A soft knock sounded at his office door just as he settled down in his desk chair. A young woman with a pixie cut in a startling shade of bubblegum pink entered the room when he waved her in. She approached his desk cautiously, her hand shaking when she passed him what he assumed was her application and resume.
He skimmed it quickly, asked her a few appropriate questions, then hired her on the spot—pending a background check—to replace one of the missing housekeepers. Sadly, the next three interviews didn’t go nearly as well.
One guy had spent the entire interview flirting with him. Another young lady had been so terrified she had actually burst into tears and ran from the room. The other male had been decent, but unfortunately, Uriah had no choice but to send him away when he realized the kid was only sixteen.
An hour later, he had conducted eleven interviews and only managed to find one more member for the housekeeping staff and one porter. He didn’t even know if they needed another bellhop, but the girl had been sweet, and she’d clearly needed the job.
For all his bravado, by the time he reached the last name on the list—according to the two-word text Skye had sent him—he was starting to remember why he didn’t do interviews.
Tentative, muffled footsteps reached his ears first, followed by a nervous cough and a long, shuddering sigh. Goddess, he could smell the anxiety wafting in the air, and the guy hadn’t even reached the office door yet. Taking pity on the poor soul, Uriah arranged his features to appear as non-threatening as possible.
As the footsteps crept closer, however, the scent began to change, gradually deconstructing all of his careful preparation. The nervousness was still there, still the most prominent fragrance, but it was now tinged with something sweet and almost earthy. He couldn’t quite put his finger on it, couldn’t place the scent, but it was the most intoxicating thing he’d ever smelled.
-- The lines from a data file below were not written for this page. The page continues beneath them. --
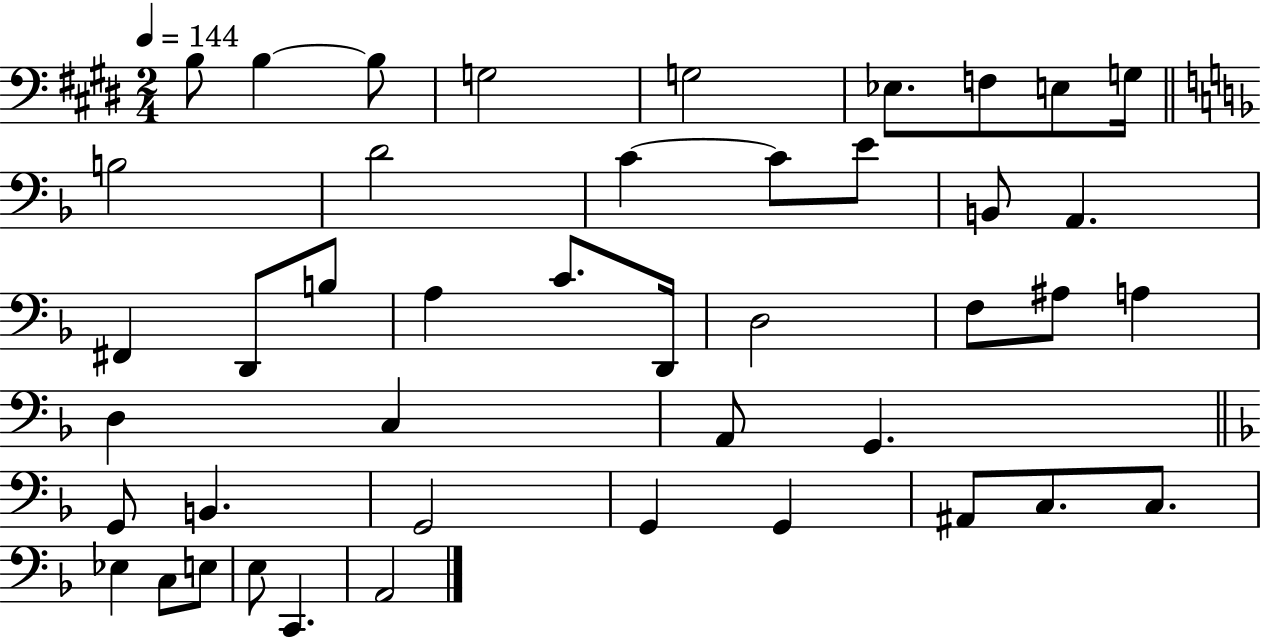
B3/e B3/q B3/e G3/h G3/h Eb3/e. F3/e E3/e G3/s B3/h D4/h C4/q C4/e E4/e B2/e A2/q. F#2/q D2/e B3/e A3/q C4/e. D2/s D3/h F3/e A#3/e A3/q D3/q C3/q A2/e G2/q. G2/e B2/q. G2/h G2/q G2/q A#2/e C3/e. C3/e. Eb3/q C3/e E3/e E3/e C2/q. A2/h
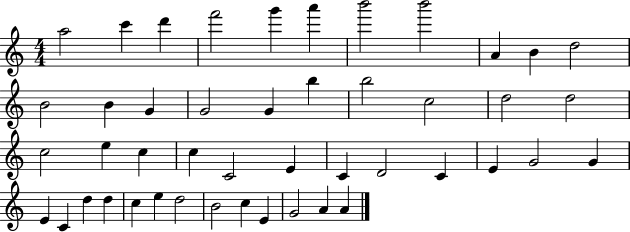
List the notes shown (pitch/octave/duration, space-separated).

A5/h C6/q D6/q F6/h G6/q A6/q B6/h B6/h A4/q B4/q D5/h B4/h B4/q G4/q G4/h G4/q B5/q B5/h C5/h D5/h D5/h C5/h E5/q C5/q C5/q C4/h E4/q C4/q D4/h C4/q E4/q G4/h G4/q E4/q C4/q D5/q D5/q C5/q E5/q D5/h B4/h C5/q E4/q G4/h A4/q A4/q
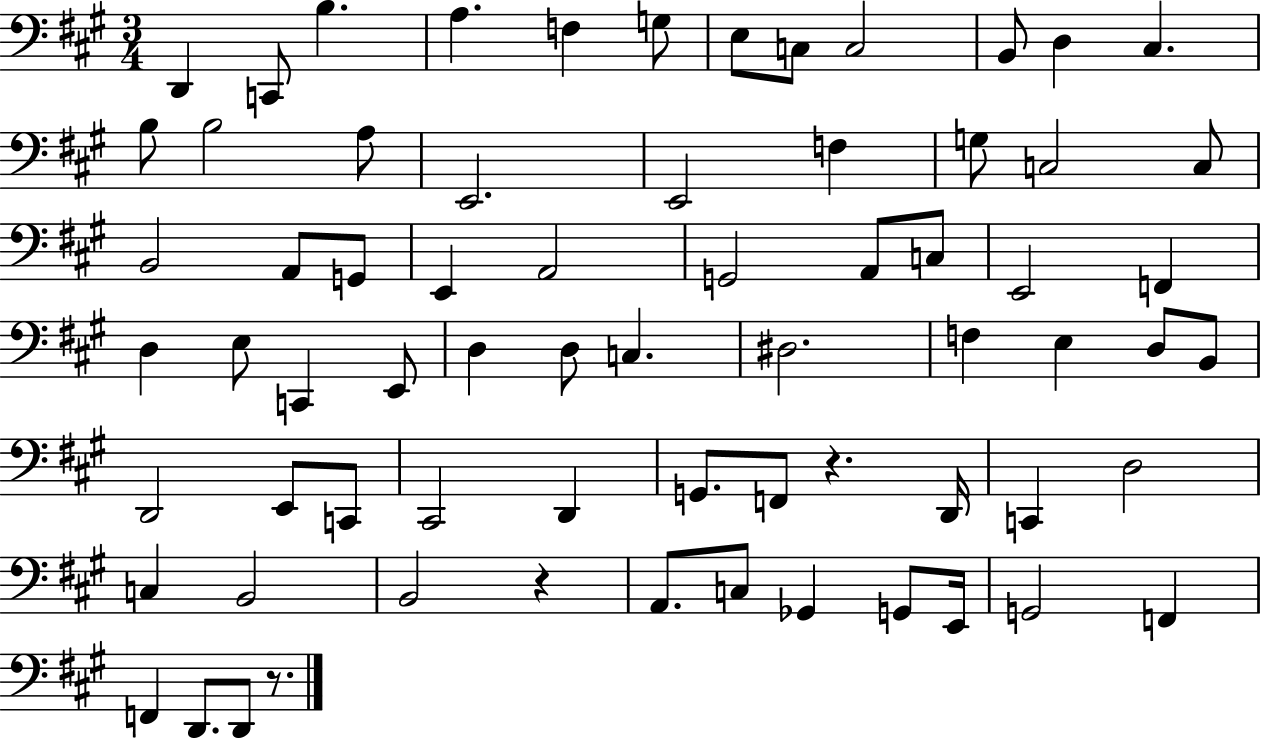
X:1
T:Untitled
M:3/4
L:1/4
K:A
D,, C,,/2 B, A, F, G,/2 E,/2 C,/2 C,2 B,,/2 D, ^C, B,/2 B,2 A,/2 E,,2 E,,2 F, G,/2 C,2 C,/2 B,,2 A,,/2 G,,/2 E,, A,,2 G,,2 A,,/2 C,/2 E,,2 F,, D, E,/2 C,, E,,/2 D, D,/2 C, ^D,2 F, E, D,/2 B,,/2 D,,2 E,,/2 C,,/2 ^C,,2 D,, G,,/2 F,,/2 z D,,/4 C,, D,2 C, B,,2 B,,2 z A,,/2 C,/2 _G,, G,,/2 E,,/4 G,,2 F,, F,, D,,/2 D,,/2 z/2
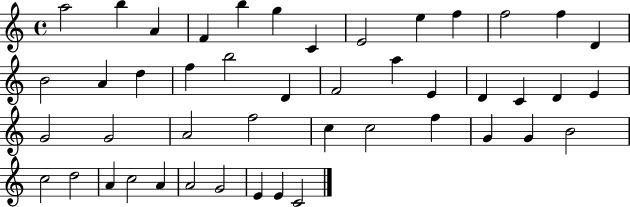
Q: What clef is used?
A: treble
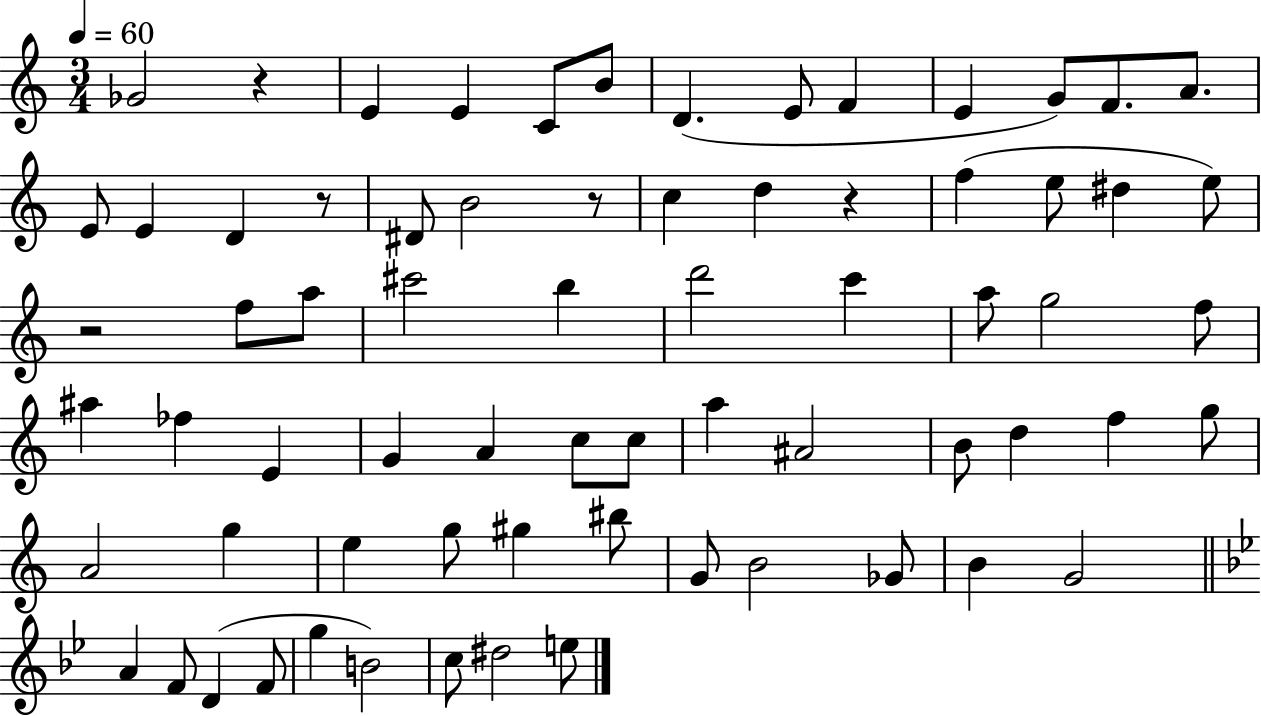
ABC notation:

X:1
T:Untitled
M:3/4
L:1/4
K:C
_G2 z E E C/2 B/2 D E/2 F E G/2 F/2 A/2 E/2 E D z/2 ^D/2 B2 z/2 c d z f e/2 ^d e/2 z2 f/2 a/2 ^c'2 b d'2 c' a/2 g2 f/2 ^a _f E G A c/2 c/2 a ^A2 B/2 d f g/2 A2 g e g/2 ^g ^b/2 G/2 B2 _G/2 B G2 A F/2 D F/2 g B2 c/2 ^d2 e/2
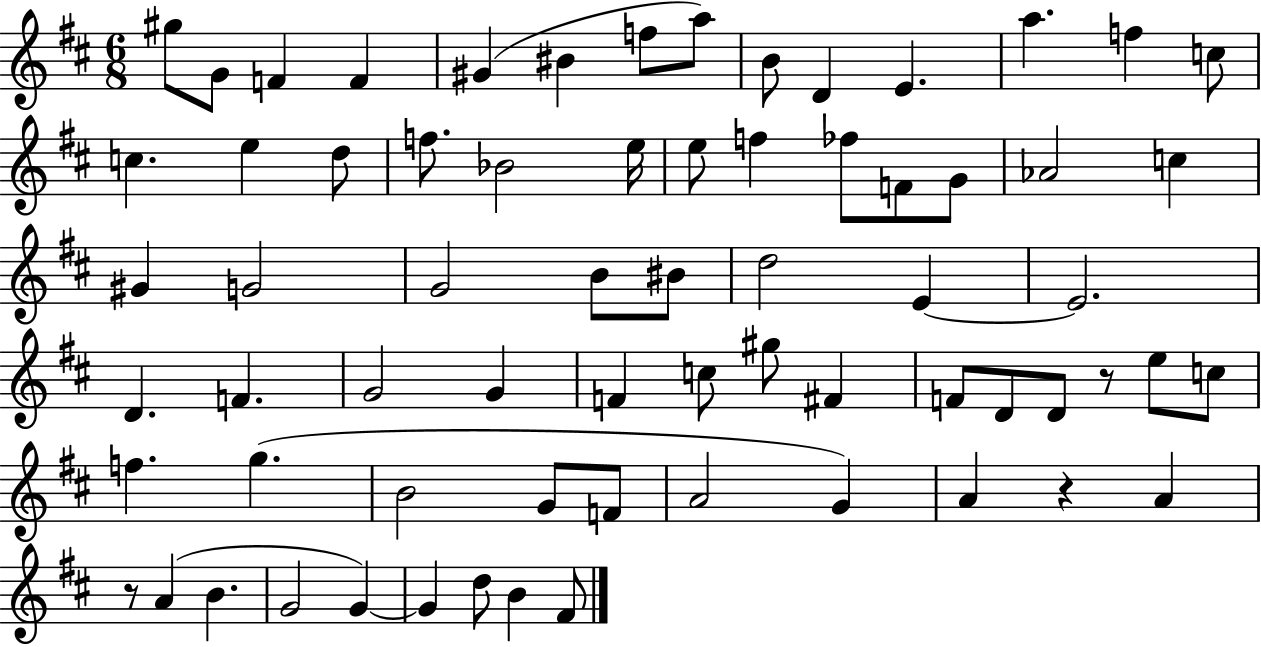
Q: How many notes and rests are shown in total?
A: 68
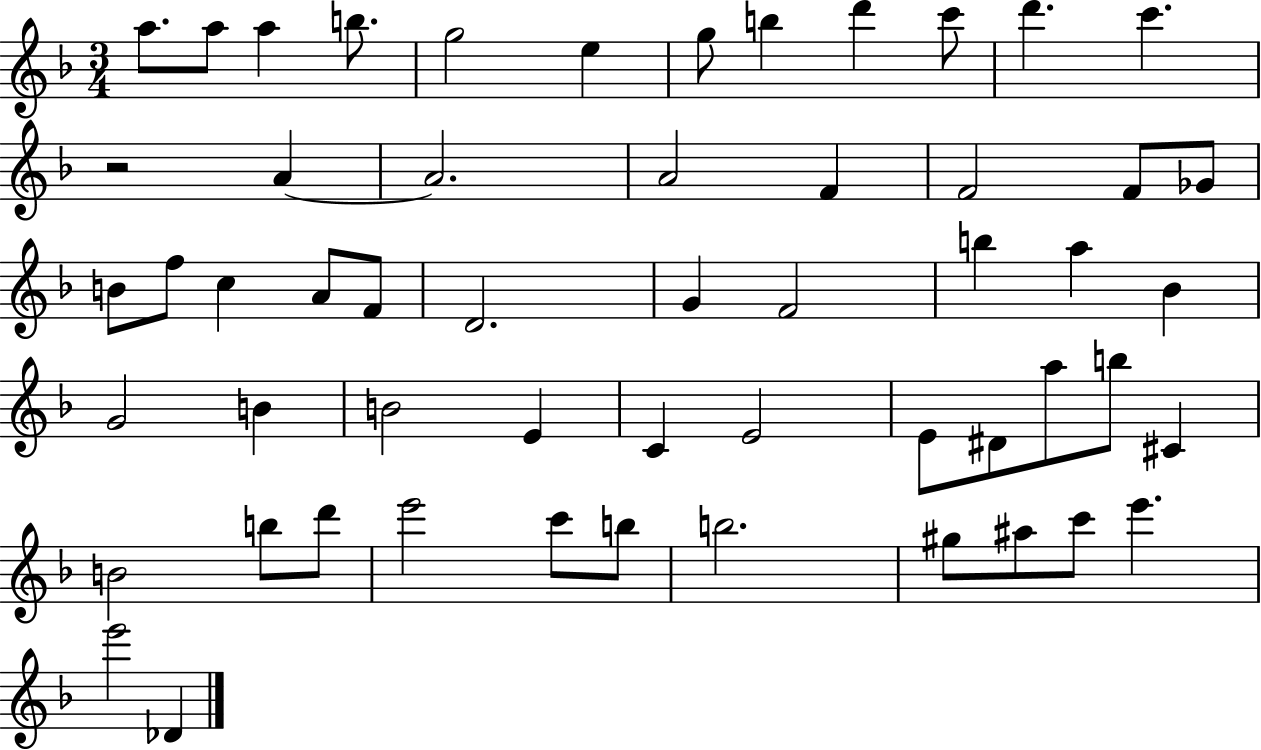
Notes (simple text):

A5/e. A5/e A5/q B5/e. G5/h E5/q G5/e B5/q D6/q C6/e D6/q. C6/q. R/h A4/q A4/h. A4/h F4/q F4/h F4/e Gb4/e B4/e F5/e C5/q A4/e F4/e D4/h. G4/q F4/h B5/q A5/q Bb4/q G4/h B4/q B4/h E4/q C4/q E4/h E4/e D#4/e A5/e B5/e C#4/q B4/h B5/e D6/e E6/h C6/e B5/e B5/h. G#5/e A#5/e C6/e E6/q. E6/h Db4/q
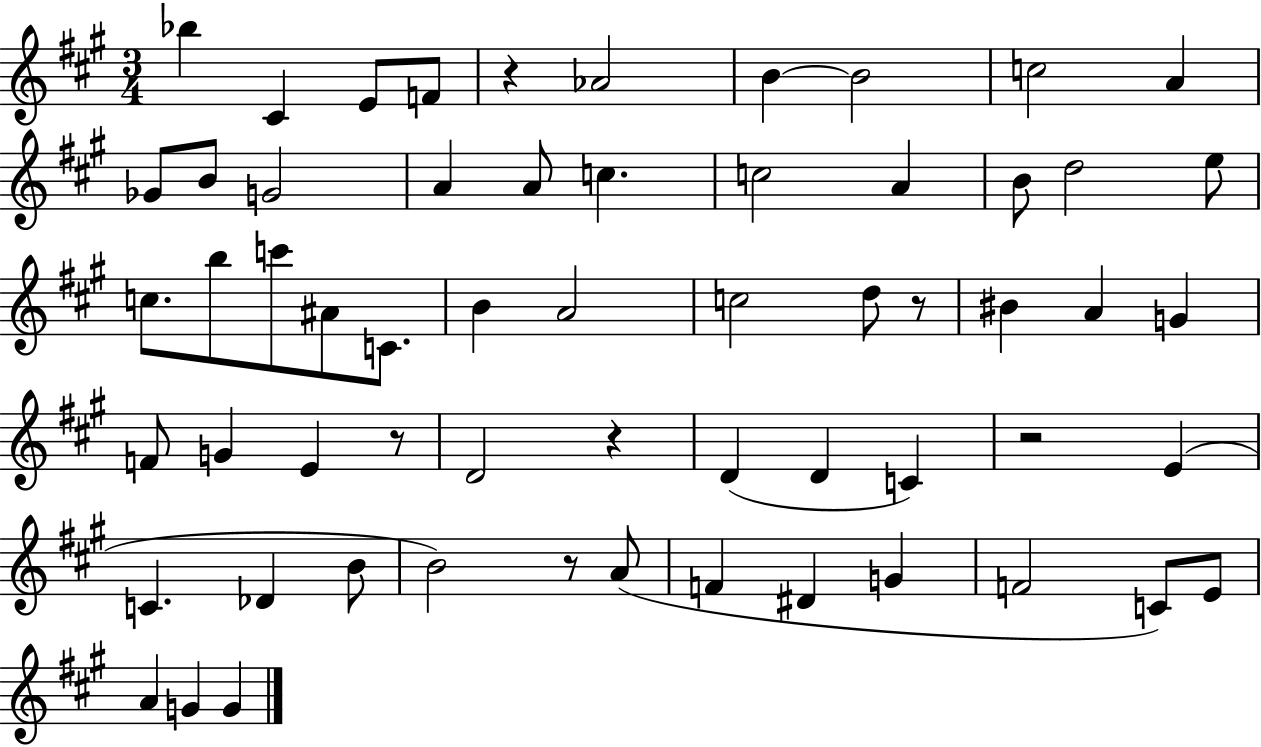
{
  \clef treble
  \numericTimeSignature
  \time 3/4
  \key a \major
  \repeat volta 2 { bes''4 cis'4 e'8 f'8 | r4 aes'2 | b'4~~ b'2 | c''2 a'4 | \break ges'8 b'8 g'2 | a'4 a'8 c''4. | c''2 a'4 | b'8 d''2 e''8 | \break c''8. b''8 c'''8 ais'8 c'8. | b'4 a'2 | c''2 d''8 r8 | bis'4 a'4 g'4 | \break f'8 g'4 e'4 r8 | d'2 r4 | d'4( d'4 c'4) | r2 e'4( | \break c'4. des'4 b'8 | b'2) r8 a'8( | f'4 dis'4 g'4 | f'2 c'8) e'8 | \break a'4 g'4 g'4 | } \bar "|."
}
It called to him, beckoned him closer. As if lassoed by some invisible line, he found himself halfway out of his seat by the time the newcomer reached the threshold of the doorway. That close, the scent hit him like a battering ram, nearly knocking him off his feet. If that wasn’t bad enough, it emanated from the most gorgeous man he’d ever seen.
Thick, wheat-colored curls haloed a round, youthful face with soft lips, a petite nose, and big, mesmerizing eyes the color of cinnamon. A baggy shirt and loose-fitting khakis flared around a slender, narrow frame, and the little bit of exposed skin on display looked too pale, too delicate.
That single word boomed inside his head, finally shaking him free of his hypnotic state. His mood plummeted, his emotions spinning from elation to fury in the span of seconds. And to think he’d actually believed his lying, conniving, meddling sister.
“Practice my ass,” he grumbled under his breath.
“Umm…Mr. Maddock?” The young man came forward a couple of steps. “I’m—”
“Sit,” Uriah barked, cutting him off and pointing at the armchair in front of the desk.
“Oh. Right. Okay.” He hurried to do what had been asked of him.
Sparing him only a passing glance, Uriah stalked past him and marched toward the door. “Stay there,” he commanded. “I’ll be back.”
“Is there a problem?”
Even in his anger, his instincts wouldn’t let him leave the room without offering some type of comfort to his mate. “You didn’t do anything wrong.” He still couldn’t bring himself to look at the guy. Instead, he stared through the open doorway and growled. “I just have to go murder my sister.”